Type `quit` or `close` to exit.

### Spec File Creation

Use `arag create spec <destination>` to generate a template `.arag-json` file at the destination, then modify it:

```json
{
    "arag_name": "myarag",
    "arag_dest": "./myarag.arag",
    "content_include": ["file1.txt", "dir/docs"],
    "clean_content": true,
    "chunk_size": 8192,
    "index_method": "openai",
    "index_model": "text-embedding-3-small",
    "api_key": "YOUR_API_KEY",
    "openai_endpoint": "https://api.openai.com/v1",
    "arag_version": "0.1.0",
    "should_package": true,
    "remove_arag_dir": true
}
```

Run `arag create from-spec <.arag-json-path>` to build the `.arag` file.

### Examples

1. **Full Workflow**:
   ```bash
   # Create an arag directory
   arag create dir myarag ./data
   # Open the arag directory in interactive mode
   arag open ./data/myarag-arag
   # Add content
   content add document.pdf
   # Corpify
   content corpify --clean
   # Index locally
   index --method local
   # Package the file and remove this directoru
   package --remove-original
   # Open the .arag file
   arag open ./data/myarag.arag
   # Query
   query "important info"
   ```

2. **Using a Spec File**:
   ```bash
   arag create spec myarag.arag-json

   # Edit myarag.arag-json as needed
   nano myarag.arag-json

   arag create from-spec myarag.arag-json
   ```

## File Structure

An `arag` directory/file has the following structure:

- `content/`: Stores raw files and directories.
- `content_list.txt`: Lists all files in `content/`.
- `corpus.db`: SQLite database with chunked content & vector embeddings.
- `index.json`: Metadata about embeddings (method, model, etc.).

A packaged `.arag` file is a special ZIP archive containing these components. (In a `.arag` file, only the content folder is compressed. The rest is stored directly for direct access.)

## Dependencies

- **Required**:
  - `apsw`: SQLite with custom VFS support.
  - `numpy`: For vector operations.
  - `openai`: For OpenAI embeddings.
  - `pypdf`: For PDF processing.
  - `spire.doc`: For DOCX processing.

- **Optional**:
  - `sentence-transformers`: For local embeddings (`pip install ".[local_embeddings]"`).

Install additional dependencies as needed for specific file types.

## Configuration

- **OpenAI API Key**: Set via `--api-key` or the `OPENAI_API_KEY` environment variable.
- **Embedding Models**: Default models are `sentence-transformers/all-MiniLM-L6-v2` (local) and `text-embedding-3-small` (OpenAI). Override with `--model`.
- **Chunk Size**: Default is 8192 bytes; adjust with `--chunk-size`.

## Contributing

Contributions are welcome!
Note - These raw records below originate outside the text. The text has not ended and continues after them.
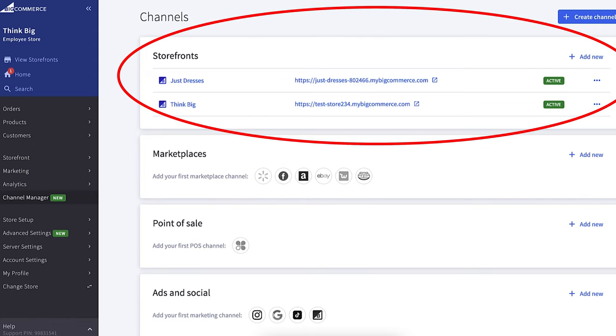Let's start by defining what multi-storefront is. With multi-storefront, you can log into a single admin panel and manage multiple e-commerce websites. This functionality allows you to have a common data set of things like products and customers and share them across multiple e-commerce sites. You can then, if you desire, custom-tailor things like theme, pricing, and categorization for each of those storefronts.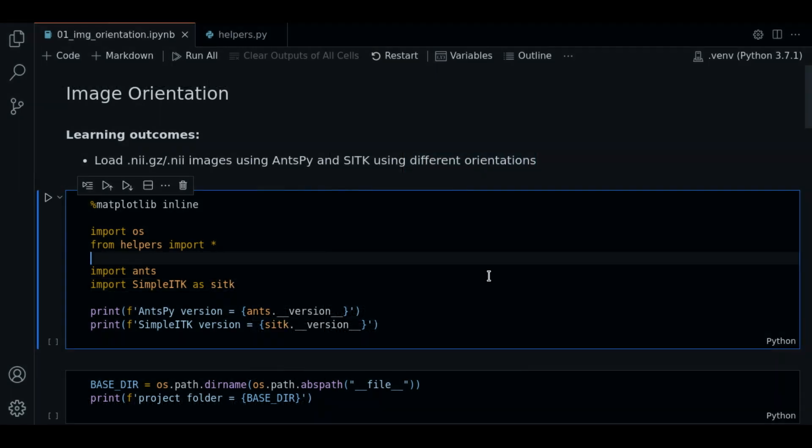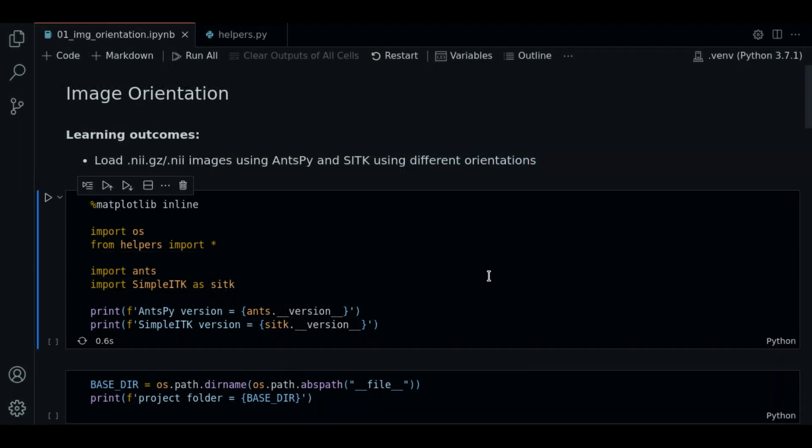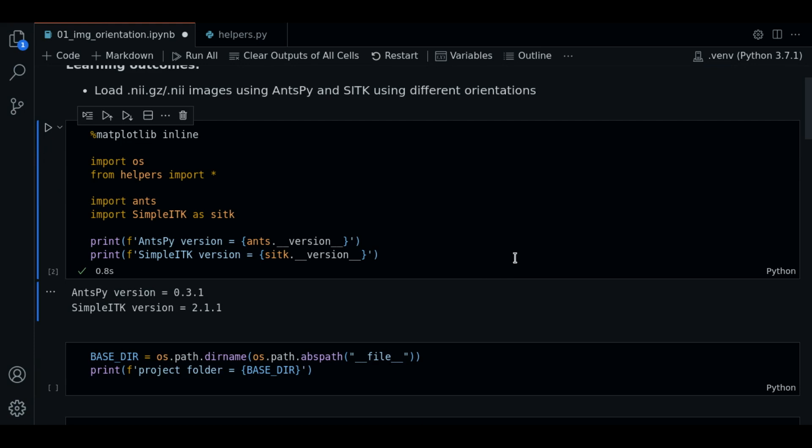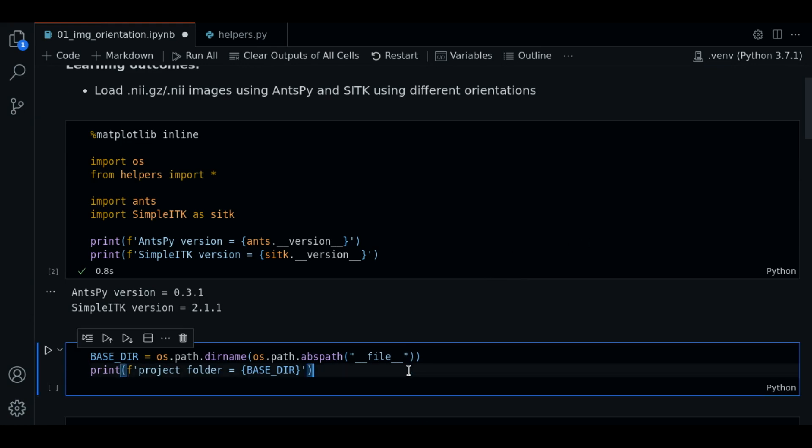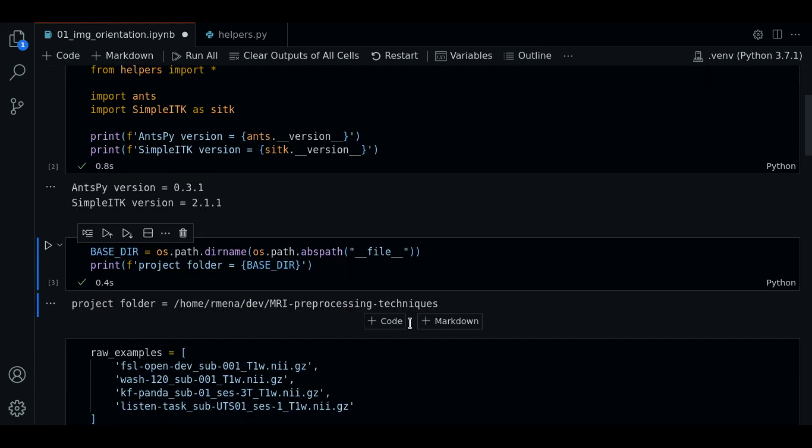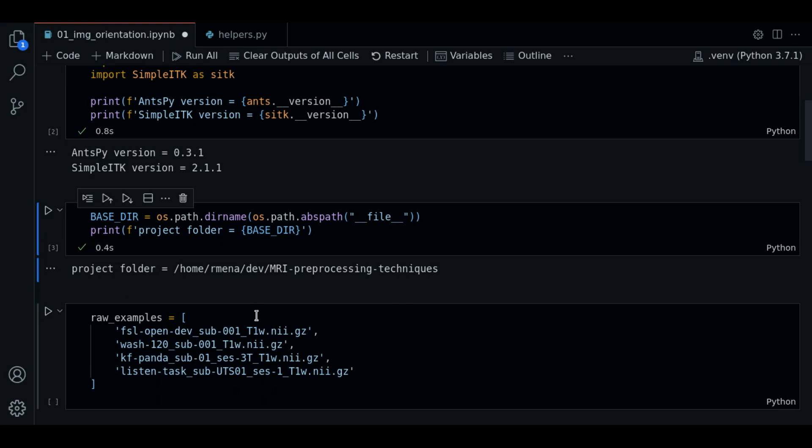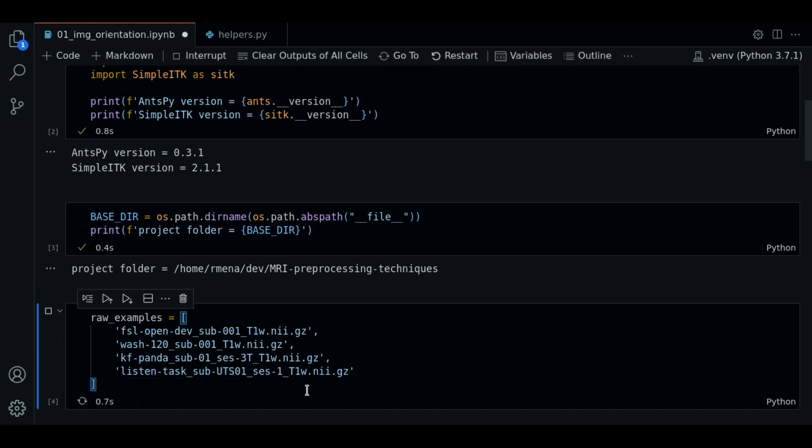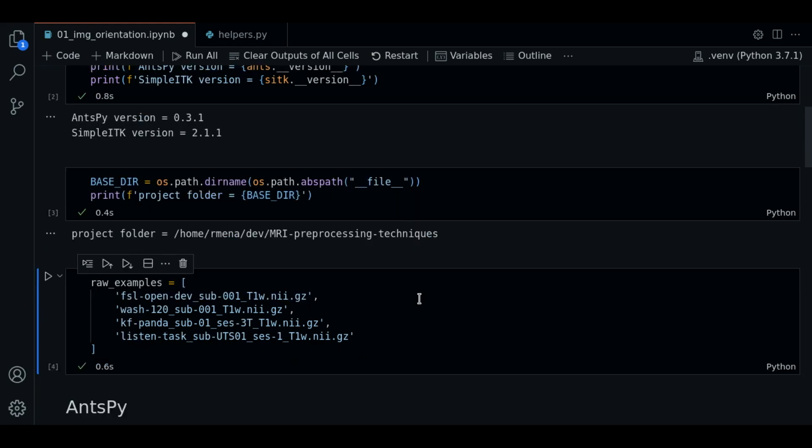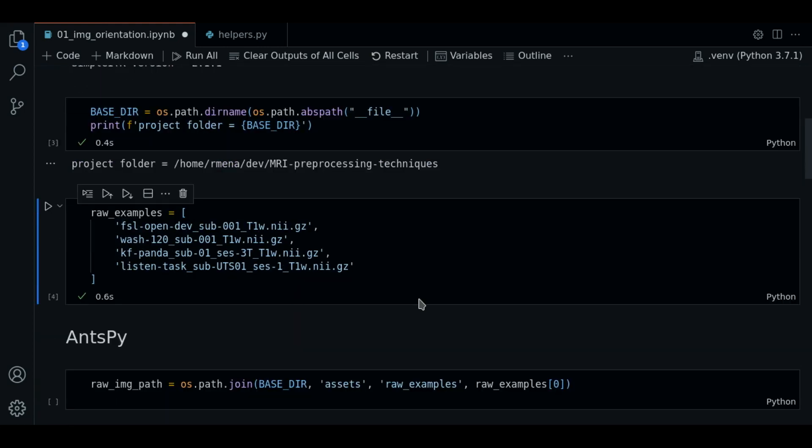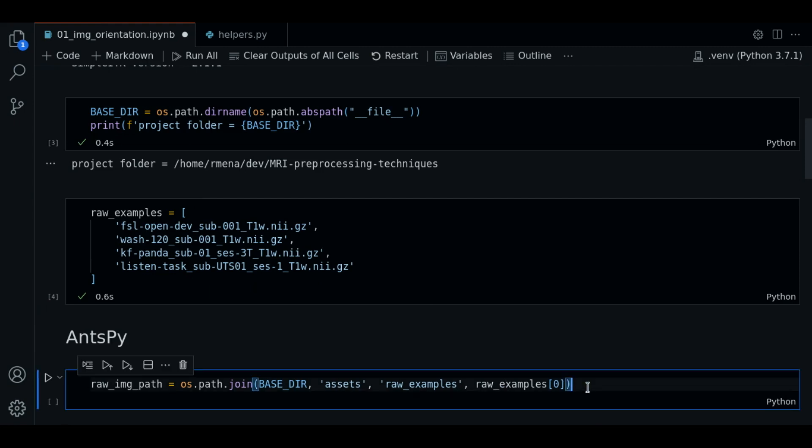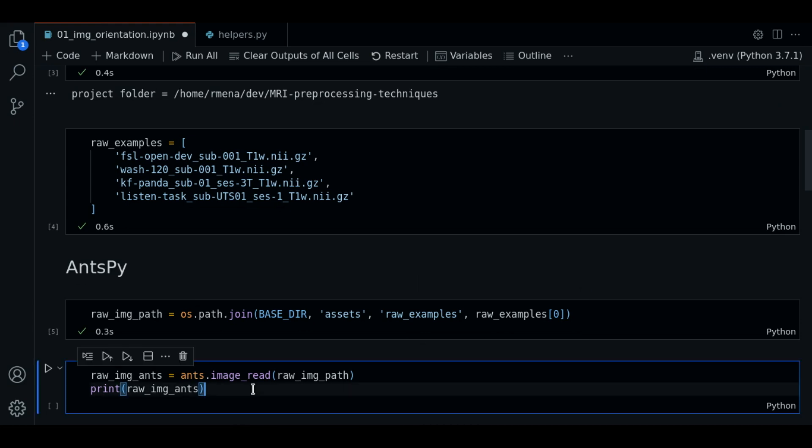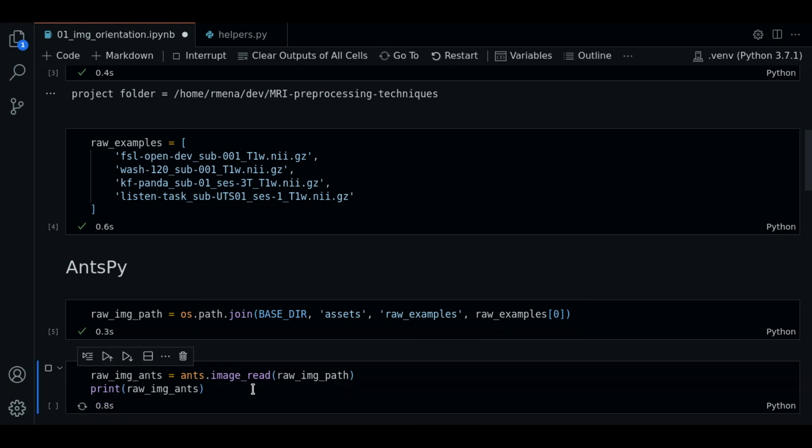The first thing that we do is import our libraries as usual. Then we print the basedir variable. We have added more examples to execute the notebook, but we will only use the first one. We create the path of our raw example, then we load the image with ants.ImageRead.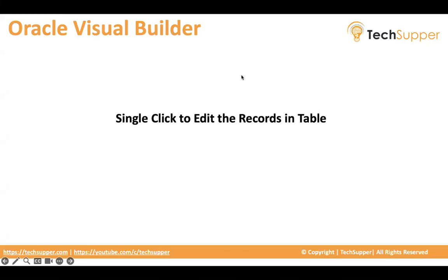Hello, in this video I will show you how to use a single click to edit the records in a table.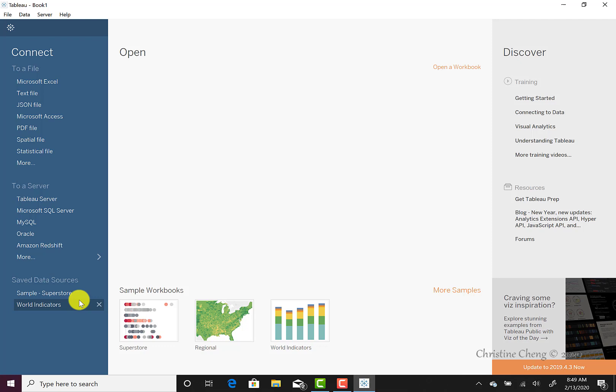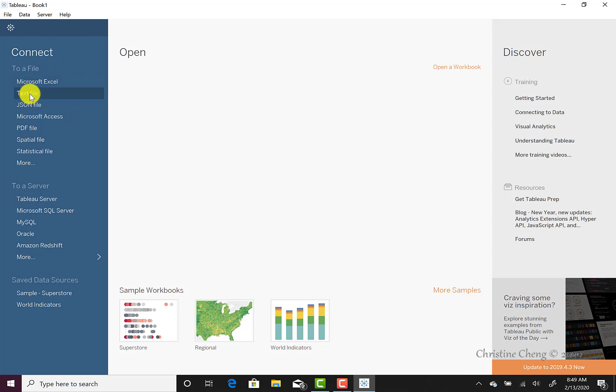To import data in Tableau, you will use the connections quick menu. For this case, we are going to connect to the text file which contains a sample of the sales data from Chicagoland popcorn. To import this text file, we navigate to the connect quick menu and under the to a file heading, we select text file by clicking one time.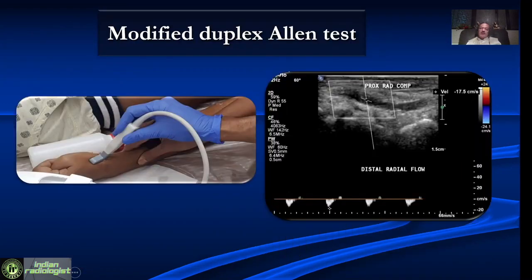There is also a modified duplex Allen test, where we keep a small-footed probe in the snuffbox, look at the radial artery, and then compress the proximal radial artery. If the palmar arch is patent, we get reversal of flow coming from the ulnar artery. Once you see a reversal like this, that means the palmar arch is patent.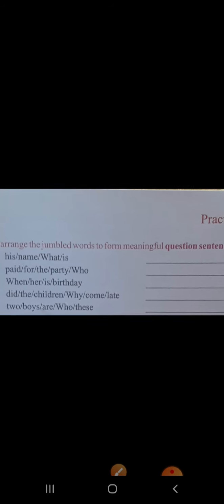Practice time — rearrange the jumbled words to form meaningful question sentences. Jumbled words ko ek meaningful sentence banane ke liye arrange karna hai, rearrange karna hai. Kyunki yeh jumble karke di rakhi hain. First: 'his name, what is' — I think you can make it. Second: 'paid for the party, who' — who last mein di diya aur 'paid for the party.' Third: 'when her is birthday' — is bhi easy hain — question word ko pehle rakhna hai.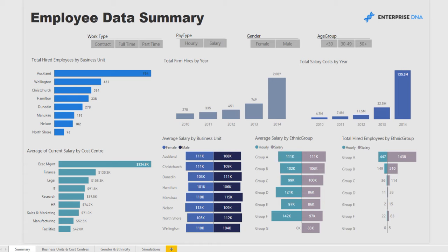There is a significant amount of calculations and even simulations within the data model, which allow you to find some quite cool insights that someone in an HR department or management would want to know about their employees.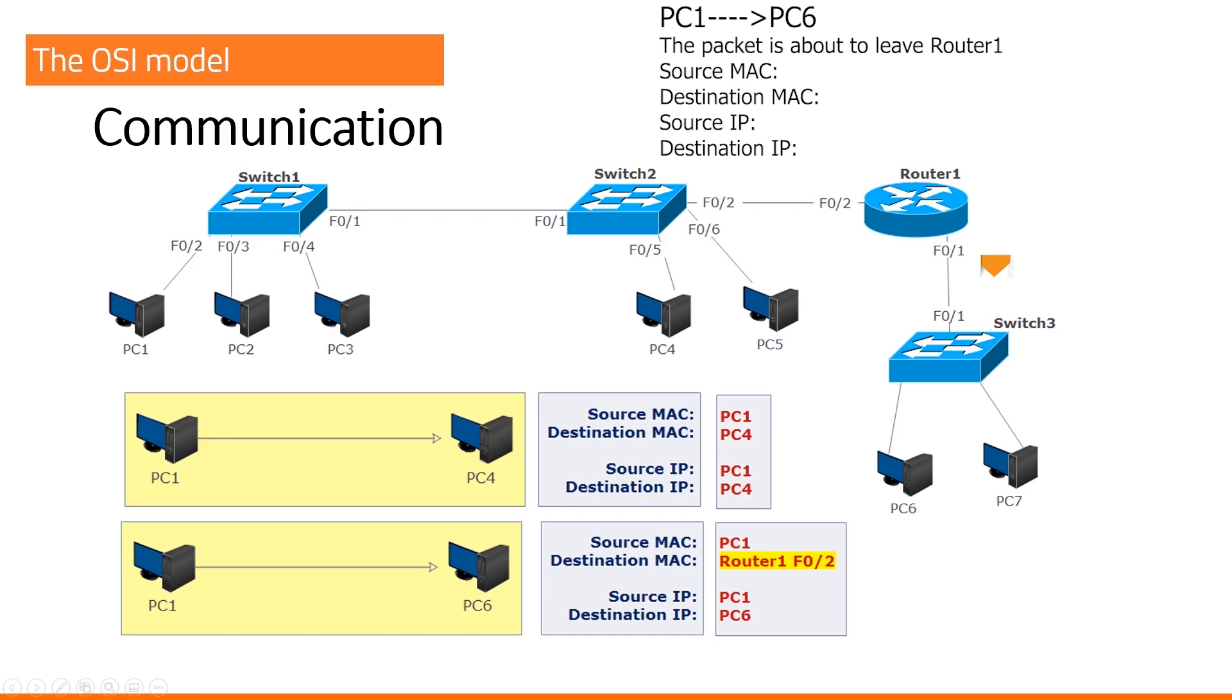Again, PC1 is sending a message to PC6. This packet has just arrived at our router. Our router wants to send it down to PC6. What will be the source and destination MAC address? The source MAC address will be router 1. Routers will swap MAC addresses.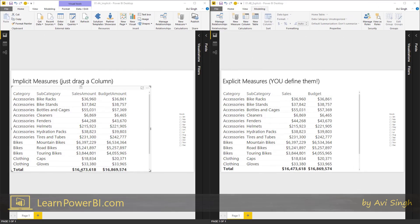To show you the next key difference between implicit and explicit measures, I have to go a little bit deeper. So stay with me here. What I have on the left is a model which is using implicit measures.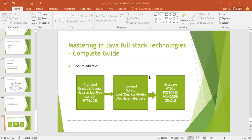You need a sound knowledge of JPA and Hibernate because 70 to 80 percent of the time you will need to connect your Spring Boot application to a database. This includes knowing how to create one-to-many relationships, how to use repositories, how to manage transactions, and many more things related to database connectivity.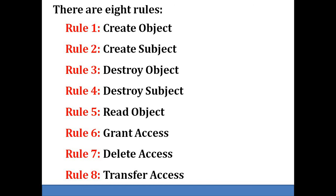Rule number seven is delete access to an object. It allows a subject to delete the rights of another subject for an object.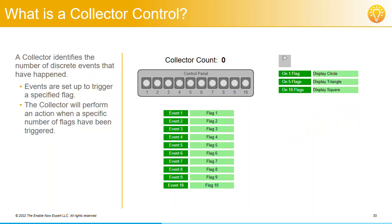Now, you may be thinking that you could just use a counter control for this. But remember, a Collector Control counts the number of discrete events that have happened. And there's two important things that come into play here.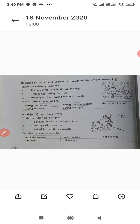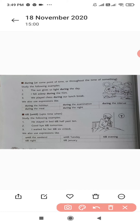Now comes 'during'. At some point of time, or throughout the time of something, 'during' is used. The sun gives us light during the day. I fell asleep during the film. We played chess during our lunch break. We also use 'during' in expressions like: during the holidays, during the meal, during the examination, during the night, during the interval.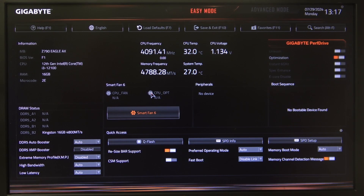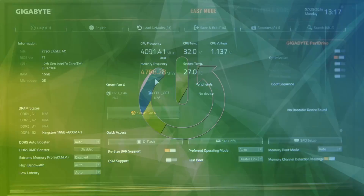Hello! In this video I want to show you how to set up an administrator password on a Gigabyte motherboard.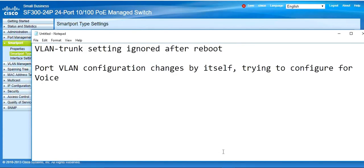Hi everybody, my name is Deepak. Today we will discuss about VLAN trunk settings being ignored after a reboot, or port VLAN configuration changing by itself when trying to configure for voice VLAN. Many of the questions I've seen on the Cisco support community and other websites prompted me to make a video for that. Today we will learn about the root cause and how to troubleshoot it.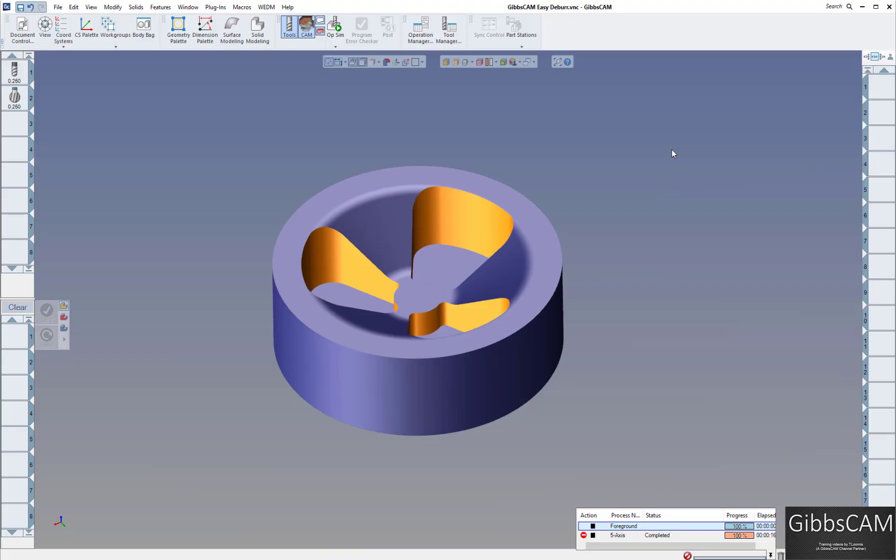Welcome to another GibbsCam video. In this video tutorial we are going to show you how to deburr parts using the GibbsCam 5-axis module.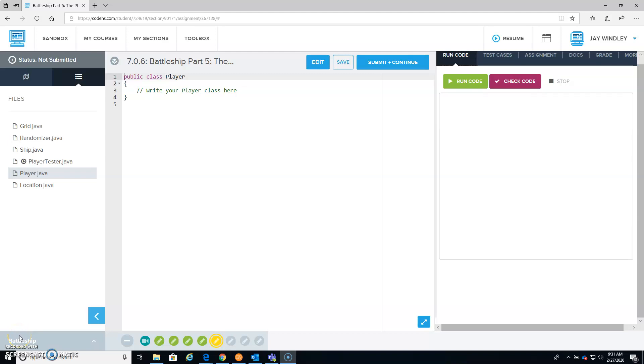So getting ready to do Battleship Part 5, which is Lesson 6. They start us off with a blank slate again.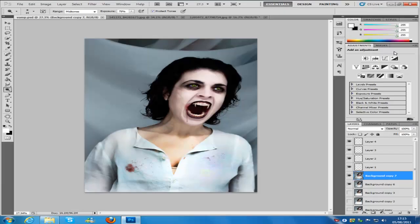Hey everyone, welcome to my Photoshop tutorial. Today I will be teaching this vampire effect. This tutorial was requested, and it's going to be split into parts: the eyes, the teeth, ants and veins, blood, pale skin, and dark eyes. All these little effects combine to create one big vampire effect.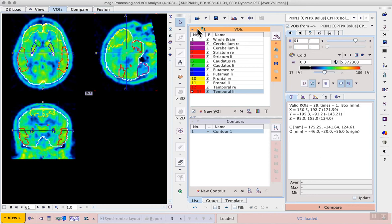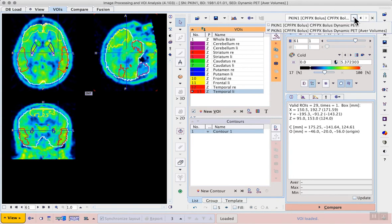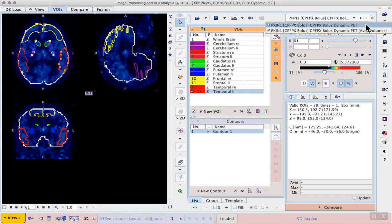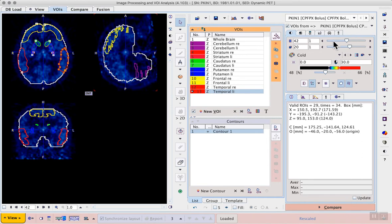Then we can calculate the time activity curves using the kinetic modeling button to the right of the selected statistics configuration.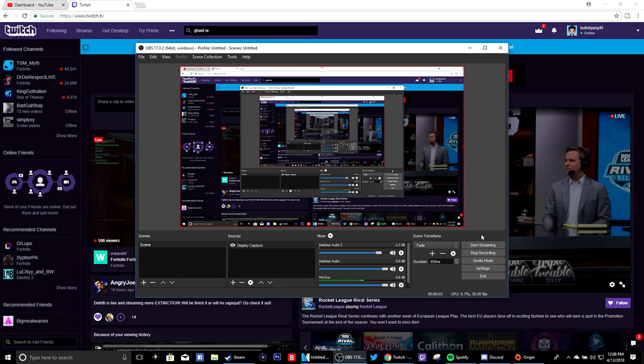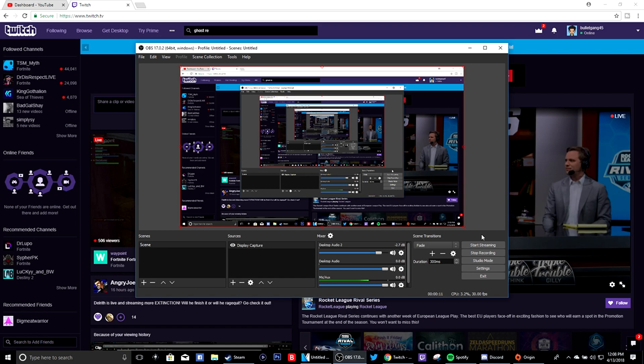I want people member back here with another video man and another tutorial video on how to get your stream key from Twitch. Now if you use OBS or NVIDIA GeForce experience or whatever the case may be and you need your stream key from Twitch, I might do a video for YouTube.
Please:

1. Fork the repository.
2. Create a feature branch (`git checkout -b feature/yourfeature`).
3. Commit changes (`git commit -m "Add your feature"`).
4. Push to the branch (`git push origin feature/yourfeature`).
5. Open a pull request.

## License

This project is licensed under the MIT License. See the [LICENSE](LICENSE) file for details.